### Scraped caption text data
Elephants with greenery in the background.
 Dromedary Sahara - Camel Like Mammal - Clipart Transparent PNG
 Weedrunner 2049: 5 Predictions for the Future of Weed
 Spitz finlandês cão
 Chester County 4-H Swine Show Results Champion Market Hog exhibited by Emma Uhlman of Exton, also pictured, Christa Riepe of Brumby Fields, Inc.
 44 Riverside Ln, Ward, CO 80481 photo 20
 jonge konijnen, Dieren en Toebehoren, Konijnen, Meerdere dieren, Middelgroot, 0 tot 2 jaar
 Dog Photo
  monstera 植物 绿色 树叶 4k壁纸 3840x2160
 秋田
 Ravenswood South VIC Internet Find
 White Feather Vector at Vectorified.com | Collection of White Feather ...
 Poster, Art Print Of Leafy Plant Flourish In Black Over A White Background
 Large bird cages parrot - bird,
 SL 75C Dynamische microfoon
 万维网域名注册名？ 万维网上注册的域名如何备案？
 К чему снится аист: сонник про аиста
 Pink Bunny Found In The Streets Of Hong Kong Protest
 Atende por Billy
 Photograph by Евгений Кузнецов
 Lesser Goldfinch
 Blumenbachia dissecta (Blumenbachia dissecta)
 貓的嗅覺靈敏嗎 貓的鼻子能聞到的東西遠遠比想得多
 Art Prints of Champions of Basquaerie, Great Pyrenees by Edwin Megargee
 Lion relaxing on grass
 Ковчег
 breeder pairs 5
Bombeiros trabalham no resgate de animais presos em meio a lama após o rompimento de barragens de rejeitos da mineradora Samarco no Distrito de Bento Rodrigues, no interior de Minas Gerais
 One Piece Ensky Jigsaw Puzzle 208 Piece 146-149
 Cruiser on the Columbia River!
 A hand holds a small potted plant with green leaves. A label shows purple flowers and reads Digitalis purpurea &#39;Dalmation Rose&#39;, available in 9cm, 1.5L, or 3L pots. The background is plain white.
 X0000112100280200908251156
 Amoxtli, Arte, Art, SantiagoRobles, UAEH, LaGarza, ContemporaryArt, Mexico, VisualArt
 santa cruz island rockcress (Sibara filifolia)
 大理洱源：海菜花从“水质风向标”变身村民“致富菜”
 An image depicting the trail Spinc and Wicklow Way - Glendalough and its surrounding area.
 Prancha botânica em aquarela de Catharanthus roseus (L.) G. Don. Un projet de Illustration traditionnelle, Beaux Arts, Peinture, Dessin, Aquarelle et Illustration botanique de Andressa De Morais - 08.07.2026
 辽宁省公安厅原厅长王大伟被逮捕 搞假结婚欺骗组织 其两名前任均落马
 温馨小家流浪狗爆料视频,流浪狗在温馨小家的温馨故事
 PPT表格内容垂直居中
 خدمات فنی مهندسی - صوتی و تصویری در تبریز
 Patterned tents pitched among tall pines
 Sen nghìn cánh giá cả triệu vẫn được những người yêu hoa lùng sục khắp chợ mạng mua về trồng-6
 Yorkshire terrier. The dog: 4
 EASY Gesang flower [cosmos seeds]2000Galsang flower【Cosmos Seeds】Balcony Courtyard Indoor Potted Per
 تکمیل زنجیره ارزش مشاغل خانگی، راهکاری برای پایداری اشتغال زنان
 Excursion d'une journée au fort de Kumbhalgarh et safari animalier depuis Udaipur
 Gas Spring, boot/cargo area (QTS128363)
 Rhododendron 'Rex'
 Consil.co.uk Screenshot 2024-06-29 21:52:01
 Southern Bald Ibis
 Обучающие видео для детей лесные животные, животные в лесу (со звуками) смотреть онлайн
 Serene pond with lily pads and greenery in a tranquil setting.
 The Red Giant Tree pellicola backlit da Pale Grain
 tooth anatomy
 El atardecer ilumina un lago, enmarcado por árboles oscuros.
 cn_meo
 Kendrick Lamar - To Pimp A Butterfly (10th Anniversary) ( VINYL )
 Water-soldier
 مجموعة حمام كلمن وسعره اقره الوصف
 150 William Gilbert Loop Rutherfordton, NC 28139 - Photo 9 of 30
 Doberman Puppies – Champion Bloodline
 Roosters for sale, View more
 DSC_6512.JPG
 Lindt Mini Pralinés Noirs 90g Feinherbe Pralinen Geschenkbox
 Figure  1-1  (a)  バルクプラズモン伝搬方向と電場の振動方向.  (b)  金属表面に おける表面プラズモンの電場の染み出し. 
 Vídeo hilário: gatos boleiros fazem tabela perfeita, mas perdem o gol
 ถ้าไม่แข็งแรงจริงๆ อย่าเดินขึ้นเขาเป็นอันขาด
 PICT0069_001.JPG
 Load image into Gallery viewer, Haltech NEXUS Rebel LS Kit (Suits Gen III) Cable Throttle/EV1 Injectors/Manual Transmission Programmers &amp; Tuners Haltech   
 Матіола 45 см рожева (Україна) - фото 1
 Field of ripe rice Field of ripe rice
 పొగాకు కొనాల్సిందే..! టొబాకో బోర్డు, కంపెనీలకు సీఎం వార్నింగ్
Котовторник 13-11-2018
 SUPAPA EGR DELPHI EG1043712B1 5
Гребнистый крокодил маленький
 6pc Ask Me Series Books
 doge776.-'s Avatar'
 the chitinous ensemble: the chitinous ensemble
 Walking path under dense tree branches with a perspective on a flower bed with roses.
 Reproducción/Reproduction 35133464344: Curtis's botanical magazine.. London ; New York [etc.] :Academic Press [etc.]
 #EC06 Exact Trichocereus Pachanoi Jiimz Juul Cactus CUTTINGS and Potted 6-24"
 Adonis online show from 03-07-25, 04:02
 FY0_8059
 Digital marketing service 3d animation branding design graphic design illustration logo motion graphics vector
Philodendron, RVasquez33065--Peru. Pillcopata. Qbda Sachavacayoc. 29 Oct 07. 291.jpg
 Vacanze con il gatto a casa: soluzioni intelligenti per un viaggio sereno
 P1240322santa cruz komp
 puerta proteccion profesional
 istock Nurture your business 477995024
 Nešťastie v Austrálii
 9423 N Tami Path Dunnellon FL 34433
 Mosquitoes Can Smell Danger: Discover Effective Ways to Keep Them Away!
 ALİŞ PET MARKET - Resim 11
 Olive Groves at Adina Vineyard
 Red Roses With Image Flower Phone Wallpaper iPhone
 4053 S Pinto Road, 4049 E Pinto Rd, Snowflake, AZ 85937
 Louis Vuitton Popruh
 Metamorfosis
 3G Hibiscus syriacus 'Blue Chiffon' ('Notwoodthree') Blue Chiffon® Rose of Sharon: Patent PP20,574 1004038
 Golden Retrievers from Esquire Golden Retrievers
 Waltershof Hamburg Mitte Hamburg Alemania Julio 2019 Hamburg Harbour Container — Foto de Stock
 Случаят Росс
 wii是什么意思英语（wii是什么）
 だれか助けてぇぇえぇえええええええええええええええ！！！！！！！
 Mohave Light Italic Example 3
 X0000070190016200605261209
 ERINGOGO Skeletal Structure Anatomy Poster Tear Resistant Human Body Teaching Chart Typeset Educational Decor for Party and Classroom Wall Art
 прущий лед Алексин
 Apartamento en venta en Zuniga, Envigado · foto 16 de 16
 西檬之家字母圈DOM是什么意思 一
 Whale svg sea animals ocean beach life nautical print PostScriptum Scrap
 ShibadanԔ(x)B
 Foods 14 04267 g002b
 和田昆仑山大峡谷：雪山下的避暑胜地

### Directions
Restate every entry exactly. Leave nothing out.

### Answer to this task
Elephants with greenery in the background.
 Dromedary Sahara - Camel Like Mammal - Clipart Transparent PNG
 Weedrunner 2049: 5 Predictions for the Future of Weed
 Spitz finlandês cão
 Chester County 4-H Swine Show Results Champion Market Hog exhibited by Emma Uhlman of Exton, also pictured, Christa Riepe of Brumby Fields, Inc.
 44 Riverside Ln, Ward, CO 80481 photo 20
 jonge konijnen, Dieren en Toebehoren, Konijnen, Meerdere dieren, Middelgroot, 0 tot 2 jaar
 Dog Photo
  monstera 植物 绿色 树叶 4k壁纸 3840x2160
 秋田
 Ravenswood South VIC Internet Find
 White Feather Vector at Vectorified.com | Collection of White Feather ...
 Poster, Art Print Of Leafy Plant Flourish In Black Over A White Background
 Large bird cages parrot - bird,
 SL 75C Dynamische microfoon
 万维网域名注册名？ 万维网上注册的域名如何备案？
 К чему снится аист: сонник про аиста
 Pink Bunny Found In The Streets Of Hong Kong Protest
 Atende por Billy
 Photograph by Евгений Кузнецов
 Lesser Goldfinch
 Blumenbachia dissecta (Blumenbachia dissecta)
 貓的嗅覺靈敏嗎 貓的鼻子能聞到的東西遠遠比想得多
 Art Prints of Champions of Basquaerie, Great Pyrenees by Edwin Megargee
 Lion relaxing on grass
 Ковчег
 breeder pairs 5
Bombeiros trabalham no resgate de animais presos em meio a lama após o rompimento de barragens de rejeitos da mineradora Samarco no Distrito de Bento Rodrigues, no interior de Minas Gerais
 One Piece Ensky Jigsaw Puzzle 208 Piece 146-149
 Cruiser on the Columbia River!
 A hand holds a small potted plant with green leaves. A label shows purple flowers and reads Digitalis purpurea &#39;Dalmation Rose&#39;, available in 9cm, 1.5L, or 3L pots. The background is plain white.
 X0000112100280200908251156
 Amoxtli, Arte, Art, SantiagoRobles, UAEH, LaGarza, ContemporaryArt, Mexico, VisualArt
 santa cruz island rockcress (Sibara filifolia)
 大理洱源：海菜花从“水质风向标”变身村民“致富菜”
 An image depicting the trail Spinc and Wicklow Way - Glendalough and its surrounding area.
 Prancha botânica em aquarela de Catharanthus roseus (L.) G. Don. Un projet de Illustration traditionnelle, Beaux Arts, Peinture, Dessin, Aquarelle et Illustration botanique de Andressa De Morais - 08.07.2026
 辽宁省公安厅原厅长王大伟被逮捕 搞假结婚欺骗组织 其两名前任均落马
 温馨小家流浪狗爆料视频,流浪狗在温馨小家的温馨故事
 PPT表格内容垂直居中
 خدمات فنی مهندسی - صوتی و تصویری در تبریز
 Patterned tents pitched among tall pines
 Sen nghìn cánh giá cả triệu vẫn được những người yêu hoa lùng sục khắp chợ mạng mua về trồng-6
 Yorkshire terrier. The dog: 4
 EASY Gesang flower [cosmos seeds]2000Galsang flower【Cosmos Seeds】Balcony Courtyard Indoor Potted Per
 تکمیل زنجیره ارزش مشاغل خانگی، راهکاری برای پایداری اشتغال زنان
 Excursion d'une journée au fort de Kumbhalgarh et safari animalier depuis Udaipur
 Gas Spring, boot/cargo area (QTS128363)
 Rhododendron 'Rex'
 Consil.co.uk Screenshot 2024-06-29 21:52:01
 Southern Bald Ibis
 Обучающие видео для детей лесные животные, животные в лесу (со звуками) смотреть онлайн
 Serene pond with lily pads and greenery in a tranquil setting.
 The Red Giant Tree pellicola backlit da Pale Grain
 tooth anatomy
 El atardecer ilumina un lago, enmarcado por árboles oscuros.
 cn_meo
 Kendrick Lamar - To Pimp A Butterfly (10th Anniversary) ( VINYL )
 Water-soldier
 مجموعة حمام كلمن وسعره اقره الوصف
 150 William Gilbert Loop Rutherfordton, NC 28139 - Photo 9 of 30
 Doberman Puppies – Champion Bloodline
 Roosters for sale, View more
 DSC_6512.JPG
 Lindt Mini Pralinés Noirs 90g Feinherbe Pralinen Geschenkbox
 Figure  1-1  (a)  バルクプラズモン伝搬方向と電場の振動方向.  (b)  金属表面に おける表面プラズモンの電場の染み出し. 
 Vídeo hilário: gatos boleiros fazem tabela perfeita, mas perdem o gol
 ถ้าไม่แข็งแรงจริงๆ อย่าเดินขึ้นเขาเป็นอันขาด
 PICT0069_001.JPG
 Load image into Gallery viewer, Haltech NEXUS Rebel LS Kit (Suits Gen III) Cable Throttle/EV1 Injectors/Manual Transmission Programmers &amp; Tuners Haltech   
 Матіола 45 см рожева (Україна) - фото 1
 Field of ripe rice Field of ripe rice
 పొగాకు కొనాల్సిందే..! టొబాకో బోర్డు, కంపెనీలకు సీఎం వార్నింగ్
Котовторник 13-11-2018
 SUPAPA EGR DELPHI EG1043712B1 5
Гребнистый крокодил маленький
 6pc Ask Me Series Books
 doge776.-'s Avatar'
 the chitinous ensemble: the chitinous ensemble
 Walking path under dense tree branches with a perspective on a flower bed with roses.
 Reproducción/Reproduction 35133464344: Curtis's botanical magazine.. London ; New York [etc.] :Academic Press [etc.]
 #EC06 Exact Trichocereus Pachanoi Jiimz Juul Cactus CUTTINGS and Potted 6-24"
 Adonis online show from 03-07-25, 04:02
 FY0_8059
 Digital marketing service 3d animation branding design graphic design illustration logo motion graphics vector
Philodendron, RVasquez33065--Peru. Pillcopata. Qbda Sachavacayoc. 29 Oct 07. 291.jpg
 Vacanze con il gatto a casa: soluzioni intelligenti per un viaggio sereno
 P1240322santa cruz komp
 puerta proteccion profesional
 istock Nurture your business 477995024
 Nešťastie v Austrálii
 9423 N Tami Path Dunnellon FL 34433
 Mosquitoes Can Smell Danger: Discover Effective Ways to Keep Them Away!
 ALİŞ PET MARKET - Resim 11
 Olive Groves at Adina Vineyard
 Red Roses With Image Flower Phone Wallpaper iPhone
 4053 S Pinto Road, 4049 E Pinto Rd, Snowflake, AZ 85937
 Louis Vuitton Popruh
 Metamorfosis
 3G Hibiscus syriacus 'Blue Chiffon' ('Notwoodthree') Blue Chiffon® Rose of Sharon: Patent PP20,574 1004038
 Golden Retrievers from Esquire Golden Retrievers
 Waltershof Hamburg Mitte Hamburg Alemania Julio 2019 Hamburg Harbour Container — Foto de Stock
 Случаят Росс
 wii是什么意思英语（wii是什么）
 だれか助けてぇぇえぇえええええええええええええええ！！！！！！！
 Mohave Light Italic Example 3
 X0000070190016200605261209
 ERINGOGO Skeletal Structure Anatomy Poster Tear Resistant Human Body Teaching Chart Typeset Educational Decor for Party and Classroom Wall Art
 прущий лед Алексин
 Apartamento en venta en Zuniga, Envigado · foto 16 de 16
 西檬之家字母圈DOM是什么意思 一
 Whale svg sea animals ocean beach life nautical print PostScriptum Scrap
 ShibadanԔ(x)B
 Foods 14 04267 g002b
 和田昆仑山大峡谷：雪山下的避暑胜地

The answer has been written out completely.